Prep 10 mins
Cook 20 mins
This is my original recipe that I've been making for years. If you know Potatoes Anna, just think of that, with a wonderful, fragrent twist. Hopefully you have all of the herbs growing in your garden.
- 1 large red potatoes
- 2 tablespoons olive oil
- 1 teaspoon fresh rosemary, chopped
- 1⁄2 teaspoon fresh oregano, chopped
- 1⁄4 teaspoon fresh thyme, chopped
- 1⁄4 cup water
- Wash, then slice your beautiful fresh Red Potato into 1/8 inch slices.
- Put Olive Oil into a 12-Inch Skillet, and heat over med/high heat.
- Add potato slices to skillet. Cover and reduce heat to med/low.

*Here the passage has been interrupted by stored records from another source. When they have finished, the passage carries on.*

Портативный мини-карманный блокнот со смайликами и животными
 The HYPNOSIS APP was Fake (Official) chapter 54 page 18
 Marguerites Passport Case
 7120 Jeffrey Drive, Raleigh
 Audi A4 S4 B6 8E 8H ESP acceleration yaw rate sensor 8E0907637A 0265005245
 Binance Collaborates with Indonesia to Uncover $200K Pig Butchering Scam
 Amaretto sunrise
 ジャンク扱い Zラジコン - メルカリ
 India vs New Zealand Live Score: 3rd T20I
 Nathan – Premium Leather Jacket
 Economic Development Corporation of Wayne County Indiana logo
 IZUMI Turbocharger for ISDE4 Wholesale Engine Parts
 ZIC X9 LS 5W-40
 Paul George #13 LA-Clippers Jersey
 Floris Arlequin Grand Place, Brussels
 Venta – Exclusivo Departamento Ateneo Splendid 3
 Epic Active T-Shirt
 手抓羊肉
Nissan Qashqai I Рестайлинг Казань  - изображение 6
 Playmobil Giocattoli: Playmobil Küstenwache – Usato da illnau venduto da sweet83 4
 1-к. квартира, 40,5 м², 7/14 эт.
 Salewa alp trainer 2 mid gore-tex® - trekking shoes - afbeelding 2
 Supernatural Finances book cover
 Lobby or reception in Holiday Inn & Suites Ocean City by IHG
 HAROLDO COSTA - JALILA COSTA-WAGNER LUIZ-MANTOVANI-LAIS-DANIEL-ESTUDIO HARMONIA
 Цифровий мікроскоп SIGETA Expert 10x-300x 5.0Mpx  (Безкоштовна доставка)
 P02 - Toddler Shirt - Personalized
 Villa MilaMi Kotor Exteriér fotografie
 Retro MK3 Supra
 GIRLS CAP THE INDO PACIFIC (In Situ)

Sautee potatoes for about 10 minutes, checking constantly to make sure they don't get too brown.
- After about 10 minutes, when potatoes are brown on bottom layer, turn the whole layer.
- Brown the underside just a couple of minutes till slightly brown. Add herbs and water.
- Cover and cook till potatoes are tender.
- Sometimes I end up with crispy parts, and sometimes I don't, but they are great either way.
Good stuff! My whole family enjoyed these potatoes. Thanks!